There is plenty of latitude in this wording for Rouleau to make findings on whether the act was invoked properly and meets the legal thresholds regarding a public order emergency set out in the act.
The second, potentially steeper, challenge facing the Inquiry involves its access to records and witnesses. Both the legislation and the OIC are silent on the issue of access to records. The OIC implies access but surrounds it with a standard caution about protecting information that might be injurious to international relations, national defence or national security from public disclosure.
“Injurious” is not qualified in scale. Similar statements are embedded in Canadian law, including in the Canada Evidence Act, the Security of Information Act and the Access to Information Act. The key distinction is between access to sensitive information and public disclosure, which is something the commission will have to navigate successfully.
Doubts have already been raised, including those registered by Globe and Mail columnist Robyn Urback who wrote: “There is reason to be incredulous that any information of substance will be revealed over the course of the public inquiry.”
A more serious question might be restrictions on access to sensitive information.
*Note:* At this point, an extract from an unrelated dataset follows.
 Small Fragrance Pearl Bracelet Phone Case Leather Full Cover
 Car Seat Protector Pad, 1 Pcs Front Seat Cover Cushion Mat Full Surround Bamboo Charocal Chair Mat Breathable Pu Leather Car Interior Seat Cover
There are two categories in play here: intelligence reporting on the threat posed by the protest and cabinet deliberations behind the scenes.
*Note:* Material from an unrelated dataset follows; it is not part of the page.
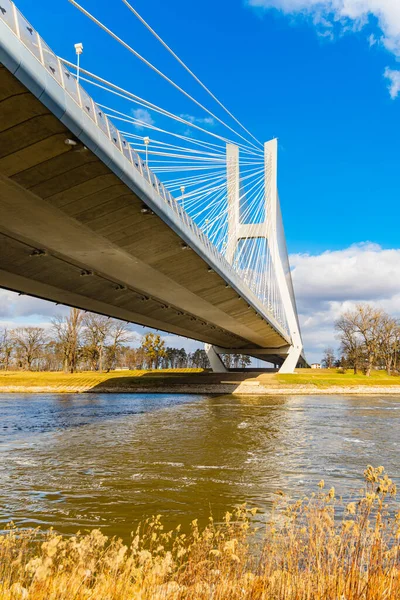 Vratislav Polsko Březen 2021 Redzinský Dálniční Most Přes Řeku Odru — Stock fotografie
Minister of Public Safety Marco Mendicino has limited himself to saying that Rouleau will have access to classified information that “could” include cabinet confidences.
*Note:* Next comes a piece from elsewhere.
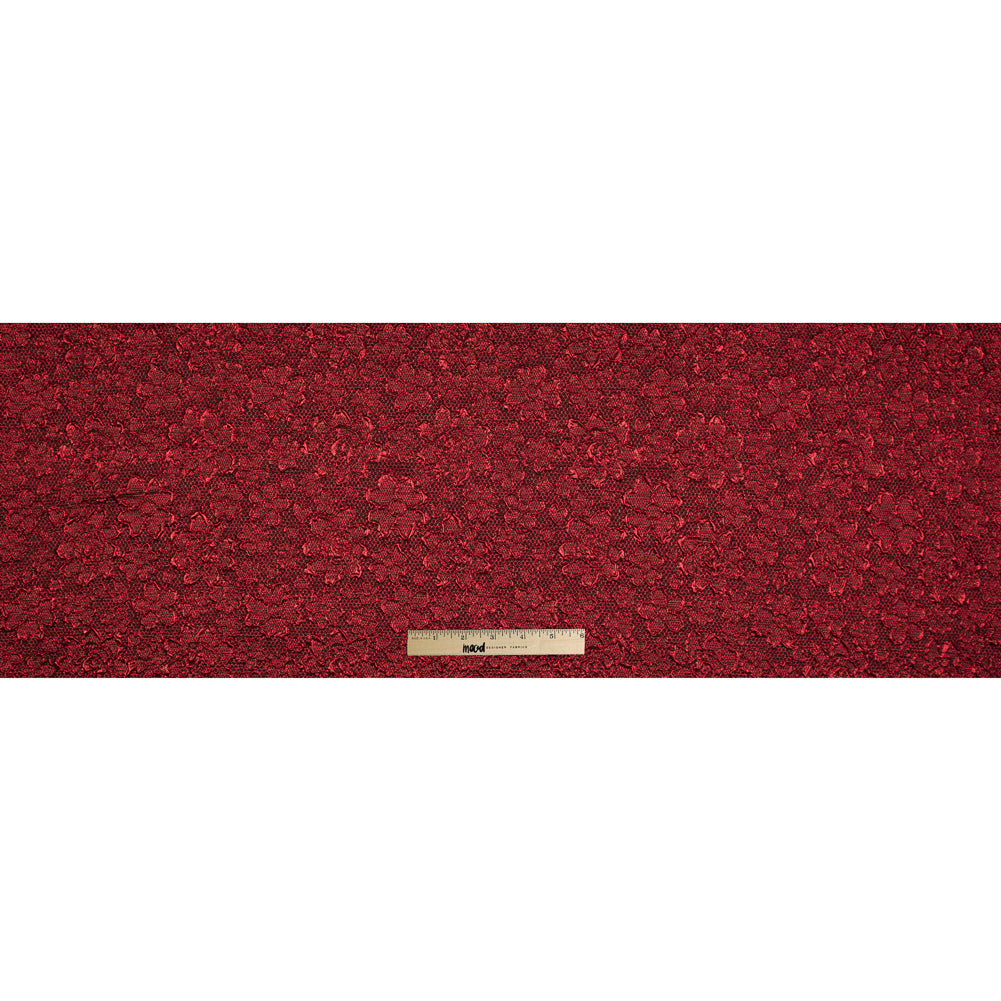 Red Luxury Floral Metallic Brocade - Folded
This lack of clarity may not be sustainable, and the commission will need to establish more formal terms of reference with the Privacy Council Office. This should include access to advice to cabinet from officials and the outcome of cabinet deliberations, especially those that emerged from the ad hoc incident response group of cabinet. It need not include the blow-by-blow of internal cabinet ministerial discussions, which deserve protection.
The final challenge, making sense of it all, should not be underestimated. In addition to understanding what was going on various levels of government, there is the critical issue of early warning.
Governments at all levels had time to develop a picture of the degree of threat posed the protest. Whether they were able to use that time well to develop a coherent and nuanced picture as the protest continued and share it with others will be important.
Some commentators are already willing to pass judgment on the handling of the protest. As Dominque Clement has opined, future historians will be as contemptuous of the 2022 use of the Emergencies Act as they were of similar over-reaches of government power in the case of the Gouzenko spy affair in 1945 and the War Measures Act in 1970.
But the inquiry needs to be allowed to do its work and issue its report before we rush to judgment prematurely.
Trust in government and the effectiveness of our federal system to deal with emergencies have been sorely tested by the COVID-19 pandemic and the trucker protest. The inquiry’s findings will be an important contribution to a broader discussion on the role of government in responding to national security threats. Without public trust, which must be constantly earned, our national security foundations rest on sand.